Recusal Quiz Answered

Can’t let the month of May end without answering the Recusal Quiz question. As readers will recall, the quiz was occasioned by Linda Greenhouse’s report that the Supreme Court had affirmed a lower court decision. The reason? Four justices recused themselves on account of ” [f]inancial and personal conflicts of interest ” in the case, in which victims of the apartheid era seek damages from myriad corporations that did business in South Africa during that time. Over at Opinio Juris , Roger Alford wondered whether “anything like this” had occurred “in such an important case .” Convictions’ Recusal Quiz posed that question more pointedly:

In what case decided 60 years ago this month did three justices recuse themselves because they had a financial stake in the outcome of the issue at bar?

The answer:

Shelley v. Kraemer , decided May 3, 1948, in which the court held that a state judge violated the Equal Protection Clause of the 14 th Amendment by enforcing a deed covenant that forbade the transfer of property to African-American buyers.
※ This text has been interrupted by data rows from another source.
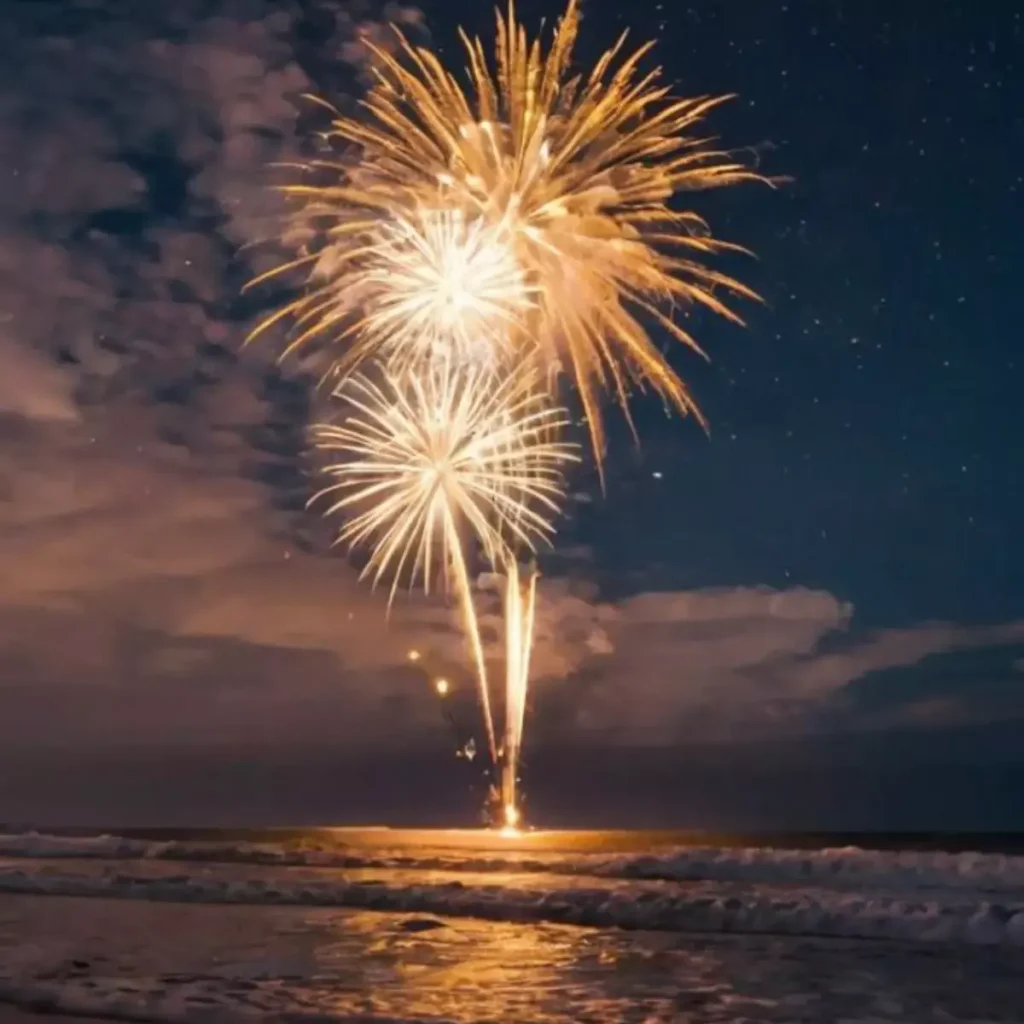 A spectacular firework display erupting from the shoreline of a beach at dusk or night. Golden sparks shoot upwards, reflecting on the wet sand and the gentle waves of the ocean. The sky above shows hints of orange and deep blue, with a few visible stars, creating a festive atmosphere at a Batam resort with beach access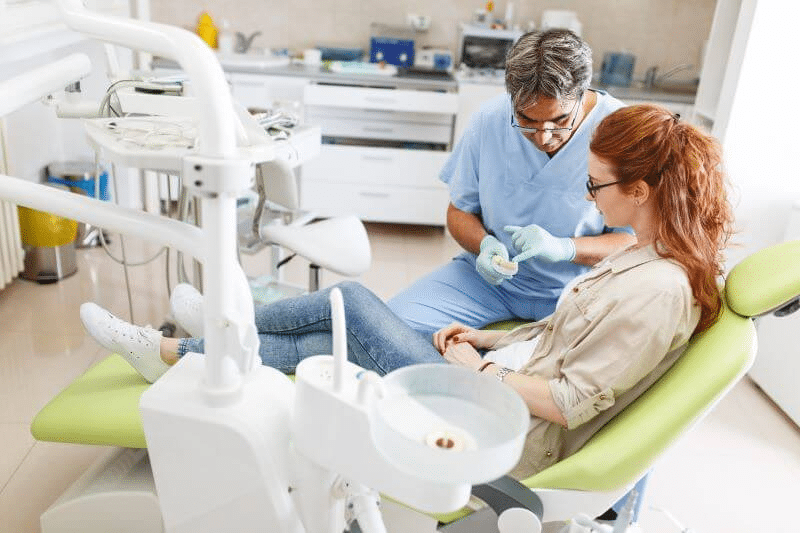 Ein Zahnarzt klärt ein Patientin über die Haltbarkeit von Veneers vs Kronen auf.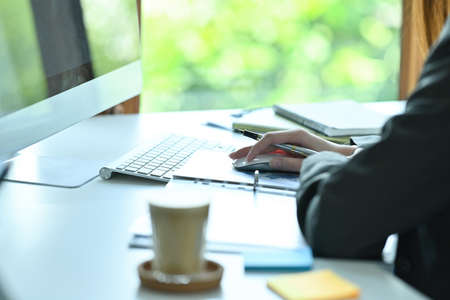 Cropped image of a young office woman working with a computer at the modern office desk surrounded...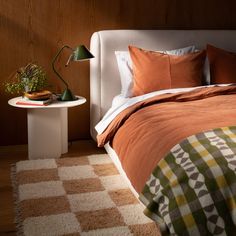 a bed with an orange comforter and pillows on top of it next to a white table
The vote in Shelley  was 6-0. The reason? Justices Robert H. Jackson, Stanley Reed, and Wiley B. Rutledge recused themselves; each owned property subject to racially restrictive covenants. Had one more justice been in the same situation, the court would have lacked a quorum in Shelley . Instead of a unanimous vote against, the result would have been a vote in favor of racially restrictive covenants—and that result would have obtained until either the composition of the court or the property holdings of its members changed.